With these constraints in mind, I was faced with something of a dilemma when figuring out how to generate the next nodes in the game tree given a current node. You see, I wanted my simulator to be useful for both evaluation and exploration. In the former use case, I’d want it to quickly sample one possible outcome of a random process. In the latter, I’d want all possible outcomes, so I could construct the game tree properly. These goals resulted in two functions that (drastically simplified) looked something like these:
use rand::prelude::*;
fn next_state(mut state: u8) -> u8 {
state = state.wrapping_add(random());
if random() {
state %= 3;
}
state
}
fn next_states(state: u8) -> Vec<u8> {
let mut out: Vec<_> = (0..=255).map(|r| state.wrapping_add(r)).collect();
out.append(&mut out.iter().copied().map(|i| i % 3).collect());
out
}
These two functions may seem different enough, but upon closer inspection, one can find common behaviour. Note how both sum their input with some u8
with a wrapping_add
and then reduce modulo 3 if some bool
is true. The only differences relate to where those u8
and bool
values come from. In next_state
, they are random, but in next_states
, all possible values are looped over. The former is used for quick evaluation; the latter is used for complete exploration. However, the process remains the same, and that worries me.
Since the same process is described in code twice, the above listing flies in the face of the principle of DRY: “Don’t repeat yourself.” This may seem like unproductive fretting over writing the cleanest possible code and, in this example, it probably is. But in my actual codebase, sharing this process description meant paired chains of helper functions operating on parameters of types State
and Vec<State>
respectively. These chains of functions were tightly coupled to each other—a change in the State
version of a function almost always induced a change in the Vec<State>
version. It also meant that, if I wanted to add the option to produce a HashMap<State, usize>
or employ some clever strategy for collecting a sample of some fixed size, I would need to create a third set of duplicate functions.

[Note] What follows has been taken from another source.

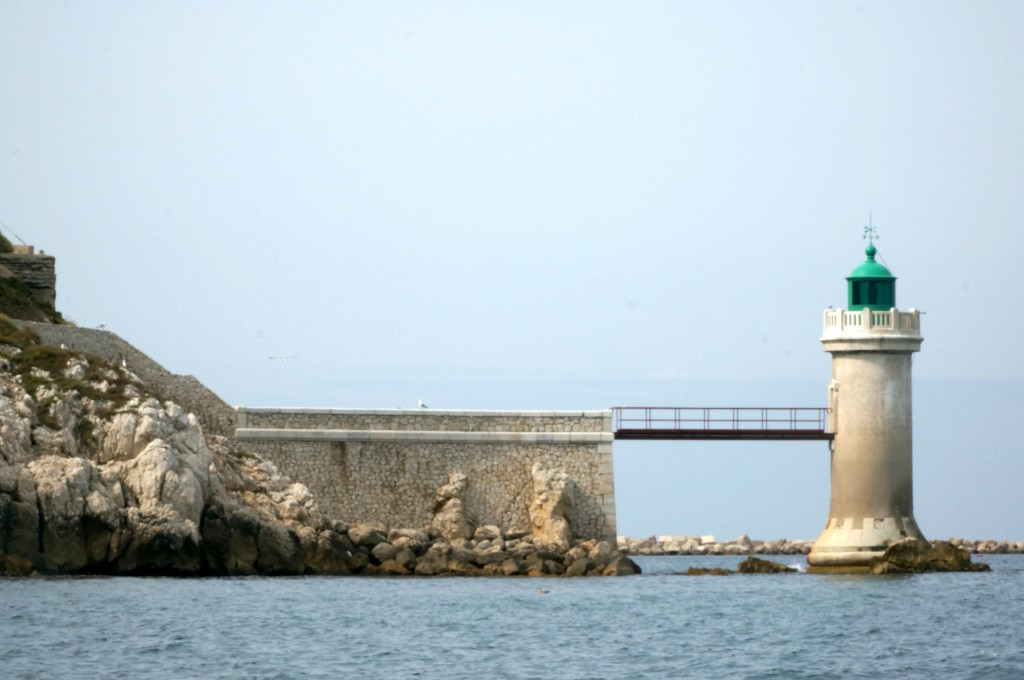 lighthouse in mediterrean sea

I wanted some way to abstract over both sampling from a distribution and collecting its possible outcomes in a Vec
or a HashMap
. I spent a good couple of hours thinking about the problem during my long run that afternoon. Eventually, I made a connection that I wouldn’t have expected.
Last fall, I took a course on Programming Languages Theory (CPSC 311) taught by Professor Ron Garcia. In the course, we made extensive use of monads to abstract out effectful parts of our languages and keep our interpreters simple (Ron insistently called monads “effect abstractions” for this reason). What I thought I wanted was some sort of monad that could abstract over these different behaviours and return types, which I could implement using Rust’s trait system and monomorphize away at compile time.

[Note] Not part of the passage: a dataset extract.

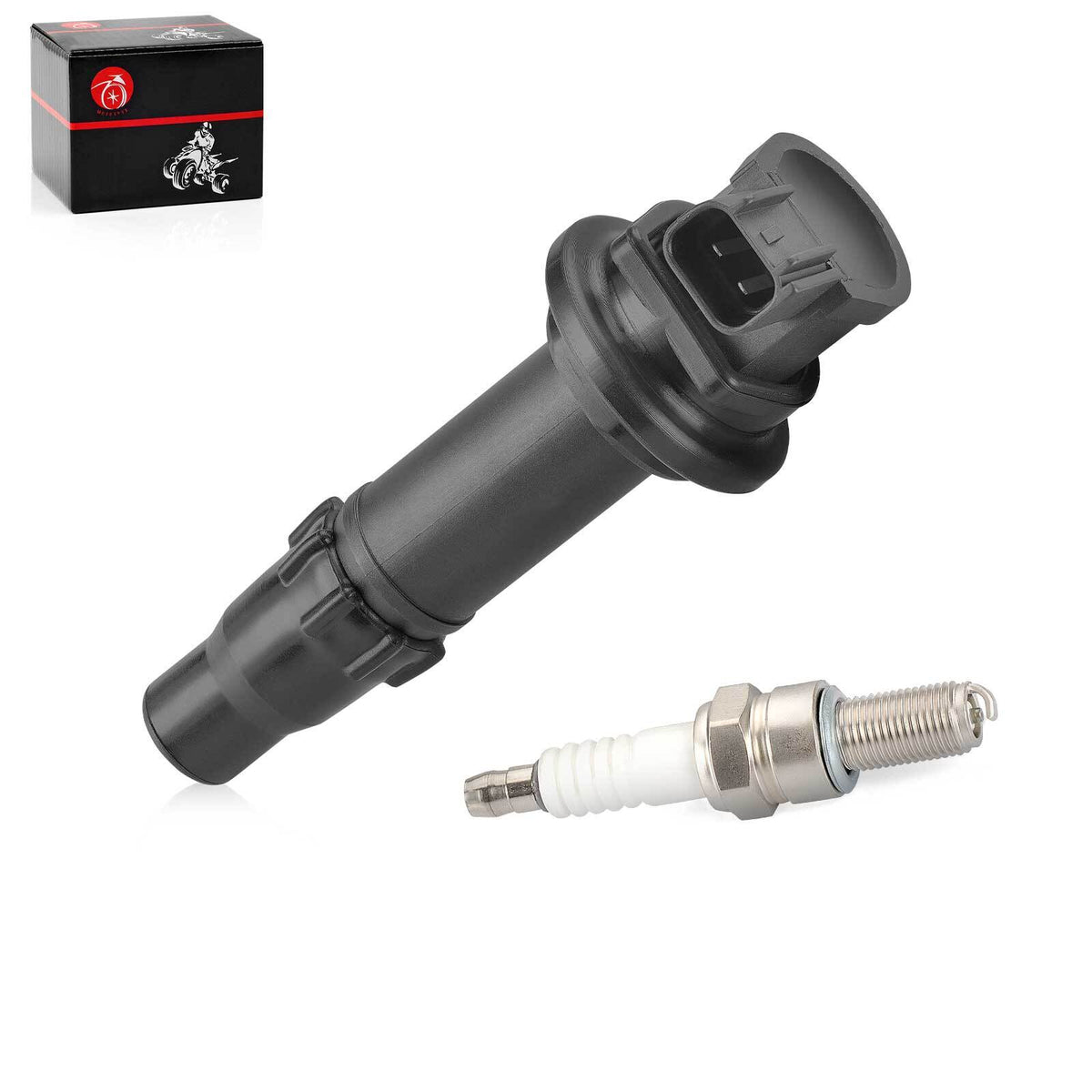 Ignition Coil & Spark Plug for Kawasaki KX250F (2006–2010)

After a good amount of category theory review and some valuable input from Ron and from my old friend Sean Bocirnea (whom I’m sure could have done this himself in fewer attempts), I was able to put together a first-pass implementation.
It turned out what I actually needed was something between a functor and an applicative functor (monads are a special case of applicatives). In short, I needed a collection of some arbitrary inner type which I could both create from a single instance of the inner type (Functor::pure
) and map over (Functor::fmap
). The names “functor”, pure
, and fmap
are needlessly opaque for our purposes here. Here is a concrete example of implementations of those methods for lists in Python:
def list_fmap(f, lox):
return [f(x) for x in lox]
def list_pure(x):
return [x]
These functors could be used to contain the state for a random process. A version of the Strategy pattern would determine which functor should be created and operated on (RandomStrategy::Functor
), as well as how random events should be handled (RandomStrategy::fmap_rand
). Decoupling fmap_rand
from individual Functor
implementations was a major breakthrough for me in the design. This allowed the use of the same containers (like Vec
) for multiple strategies, such as listing all possible outcomes or a fixed sample size of possible outcomes.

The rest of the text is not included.